Relaxation is what I'd like to be doing right now, but here I am.

**Pros:**
- They can solve *nonlinear* systems as well
- Simple application
- **Usually parallelizable**

**Cons:**
- Solutions often aren't analytically accurate, this is numerical approximation at its "best" (read as: worst)
- Only guarantees convergence on a *very* specific class of matrices
- For arbitrarily large systems of equations this is too much to handle for a single, average household PC

Considering a generic linear system, what we do with relaxation is isolating one of the $x$ variables. For instance, a generic first row:

$$x_1 = \frac{1}{a_{11}}(b_1-a12x2-a13x3\dots a1nx_n)$$

and so on for other rows, having them rearranged like

$$x_i = \frac{1}{a_{ii}}(b_i - \sum_{k\ne i}^n a_{ik} x_k)$$

or separate it into two summations where the final term of the first is j-1 and the second starts from j-1.

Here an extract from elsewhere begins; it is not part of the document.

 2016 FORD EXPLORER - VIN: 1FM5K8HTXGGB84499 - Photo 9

We have two variants of this formula:

$$x_i^{(p+1)} = \frac{1}{a_{ii}}\left(b_i - \sum_{k = 1}^{i-1} a_{ik} x_k^{(p+1)} - \sum_{k = i+1}^{n} a_{ik} x_k^{(p)}\right) \qquad \text{Gauss-Seidel method}$$
$$x_i^{(p+1)} = \frac{1}{a_{ii}}\left(b_i - \sum_{k = 1}^{i-1} a_{ik} x_k^{(p)} - \sum_{k = i+1}^{n} a_{ik} x_k^{(p)}\right) \qquad \text{Jacobi method}$$

where Jacobi is parallelizable, GS is not.

(**remember that the sum above skips the $i$-th column!** so for instance the last, nth row will end on the $a_{n,n-1}x_{n-1}$ term)

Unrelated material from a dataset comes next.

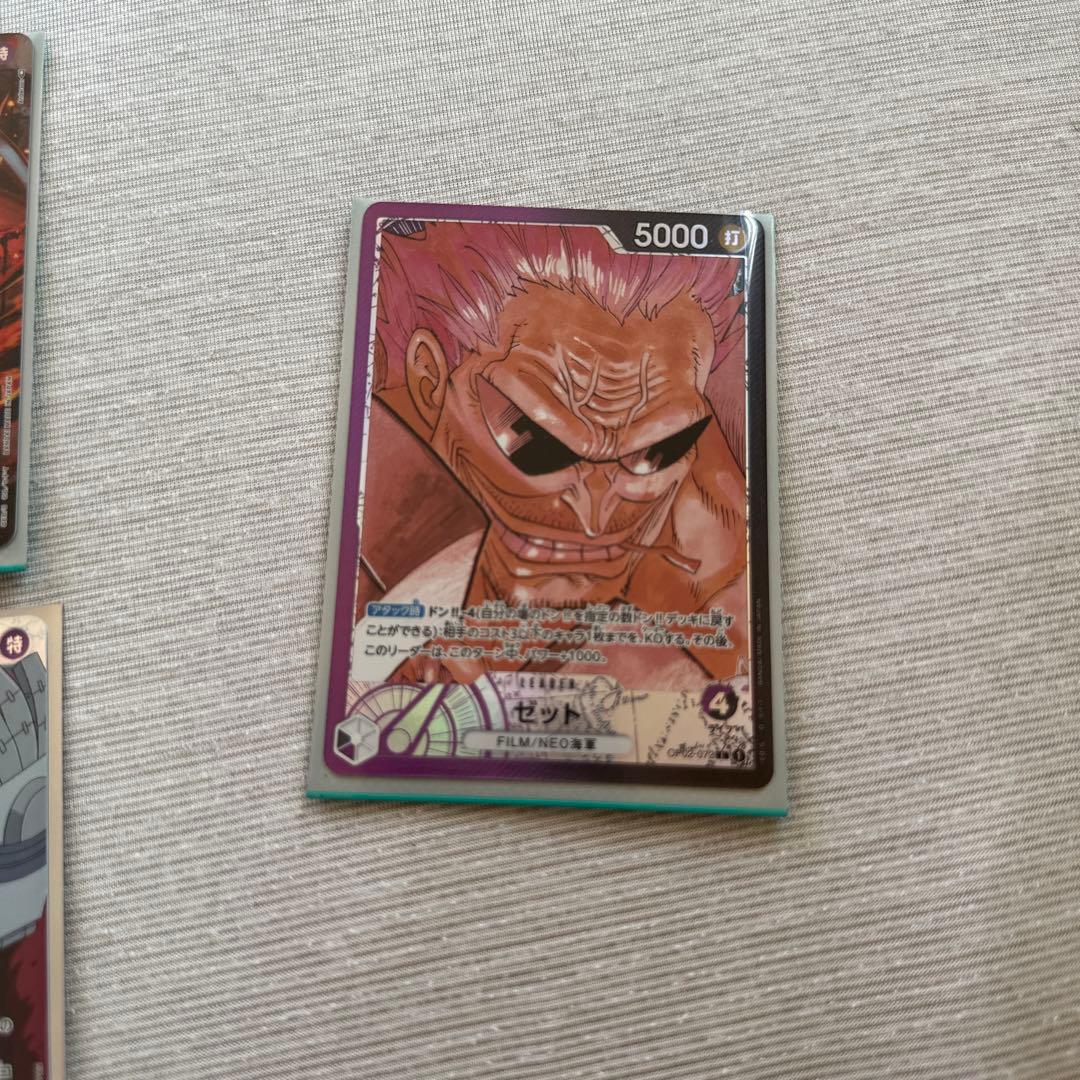 ワンピースカードゲーム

**Extra note**: the notation $x_i^{(p)}$ can be read as "the p-th iteration of the value x_i" as we can repeat the calculation of x_i by feeding the previous obtained solution back into the formula to obtain improved approximations.

We have an additional method that's a slight , **weighted** variation on GS:

$$x_i^{(p+1)} = x_i^{(p)}+\frac{w}{a_{ii}}\left(b_i - \sum_{k = 1}^{i-1} a_{ik} x_k^{(p+1)} - \sum_{k = i}^{n} a_{ik} x_k^{(p)}\right) \qquad \text{Successive Over-Relaxation}, 1<w<1.5$$

and this accelerates convergence. However, just like GS, this is not parallelizable.

---

At a glance we can already see one of the restrictions of this operation: **this is only applicable to nonzero-diagonal matrices**, more specifically **diagonally dominant matrices.**

The second restriction is extremely specific: **the matrix must NOT contain a nonreducible null submatrix of size $p \times q$ such that $p+q=n$**.

Even if the restrictions are violated, the methods *might* still converge.

as usual we set the iterative method going by giving a precision (epsilon given by $\max|x-previousx|$), which sets how accurate we want **each** x_i solution to be before moving on to the next, and a starting array (row of zeros for instance)



### Code structure

First, give the initial value, then the matrix of the system, the known terms vector.

The outermost for loop is needed to evaluate the x solutions. The innermost for loop(s?) will evaluate pieces of the formula. Outside all of this will be the while loop to check accuracy.